How to gather insights and feature requests after an app update
User opinion directly affects the future of the product, as you are creating a product for them, not for yourself. So, it is important to know what people like and dislike about it. What’s the most effective way to find that out? You can read each and every review and try to divide them into topics, or speed up this process with Semantic Analysis. It does all the chores for you, and you just collect insights.
Let’s analyze user feedback after a major update. To do this, we will have a look at Harry Potter: Hogwarts Mystery on Google Play. On March 2, the developers added a new tournament to the game.
How did users perceive the changes? To answer this question, we analyze the reviews in Semantic Analysis two weeks after the update.
First, let's look at the data for all countries and languages. The Positive vs Negative and Sentiment Timeline charts show that users reacted positively to the changes: the day after the update, the amount of positive feedback has grown by 5 times.
Now let's see what users said about it. The Topics chart shows that only 3% of the players wrote about the update itself, although 13% left feature requests.
By clicking the ‘Feature Requests’ topic, we’ll see what users are lacking. Most feature requests relate to energy issues and character customization. And it took us 10 minutes to find this!
Tip: to break feature requests or bugs into subtopics, use auto-tags.
Now let's see how the players’ mood changes from country to country. The Health Check Score helps you to identify the customer satisfaction level and allows you to react swiftly if something’s wrong. The overall score of 72%, with a benchmark of 70%, indicates that users are generally satisfied. But are players everywhere equally happy?
Users from English-speaking countries are the most satisfied ones — 75%. In Portugal and Brazil, the score drops to 62%, while in Russian-speaking countries the decline is even sharper (Google Play shows data by language, not by country).
You can further compare the review topics by country and find the reasons for dissatisfaction. Such a top-level analysis will take minutes, not days.
Leverage this trusted data to perfect your product strategy and roadmap.
How to search for insights from competitors
Almost every app in the store has strong rivals it can align with.
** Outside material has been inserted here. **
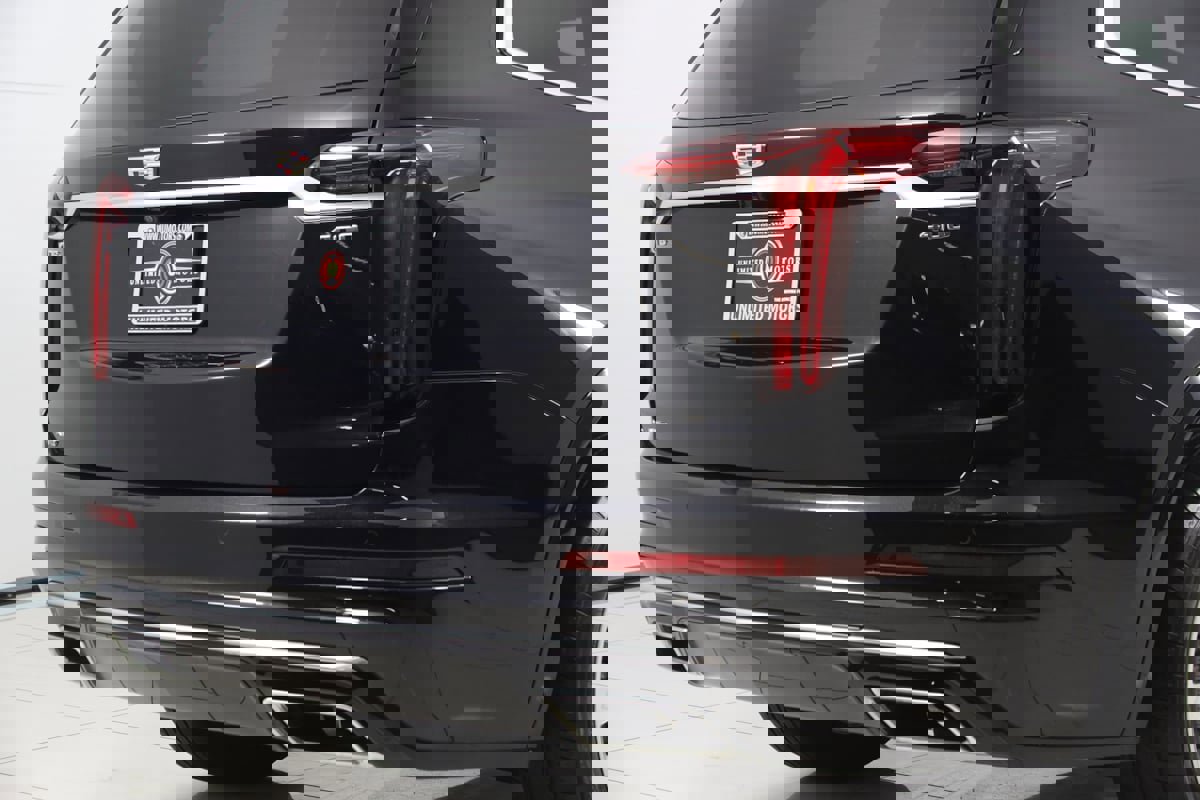 Used 2024 Cadillac XT6 Premium Luxury w/ LPO, Floor Liner Package AWD/4WD image 45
What does your product lack when compared to theirs? How can you lure their users?
To understand this, use review mining. It helps you to find the shortcomings and killer features that make users choose your competitors over you. If you have the time, you can filter their reviews by rating or a specific word, and then manually read each of them. Alternatively, use Semantic Analysis to get ready-made insights from any competitor or market leader.
Suppose you are looking for features that will improve a fitness app. Let's see what the users of the popular fitness apps are complaining about. We had a look at Sweat, Asana Rebel, and Nike Training Club apps: sorted the reviews where customers mention feature requests and UI/UX issues, and got a short list:
- Delete / switch / customize exercises
- Sync with Apple Watch, Apple TV, and fitness trackers
- Workout calendar
- Work in the background
- Pauses for rest between exercises
- Recipes and calorie tracking
To collect these ideas and hypotheses, you don’t need to spend hours looking at other apps’ reviews, Semantic Analysis will gather all the feature requests:
We can also see which app has the lowest Health Check Score. In our example, this is Asana Rebel — with only 53%. Bonus! Expert guide: responding to bad reviews with 43 examples. Expert tips for analyzing customer reviews that will revolutionize your app strategy.
Use competitors’ insights to keep your customers happy and away from the competition.
How to automate the way you do competitor research and find insights
- Gather your competitors data in one collection;
- Set up an email update report — Timeline. You can choose to receive weekly or monthly updates;
- If you see new features or major changes in the report, take a look at Semantic Analysis and select the release dates.